- **Exercise details**: Only the lines below starting at the one containing "view of front of property with a balcony" and ending at the one containing "Black metal panels" belong in the answer, each copied exactly.

- **Entries provided**:
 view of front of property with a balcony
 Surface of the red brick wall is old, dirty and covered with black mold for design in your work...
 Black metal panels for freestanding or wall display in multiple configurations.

---

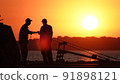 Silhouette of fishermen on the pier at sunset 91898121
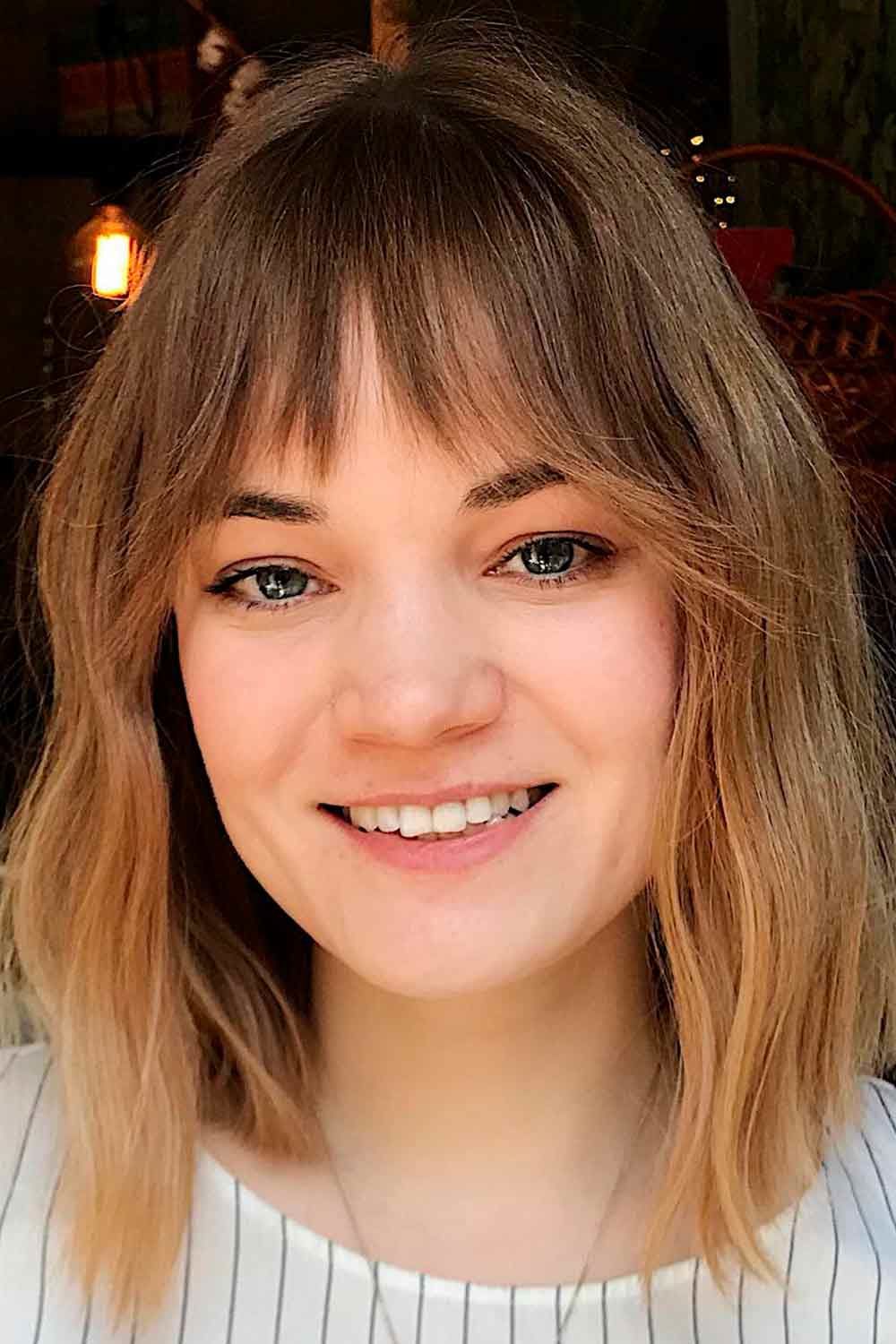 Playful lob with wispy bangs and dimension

- **Output below**:
 view of front of property with a balcony
 Surface of the red brick wall is old, dirty and covered with black mold for design in your work...
 Black metal panels for freestanding or wall display in multiple configurations.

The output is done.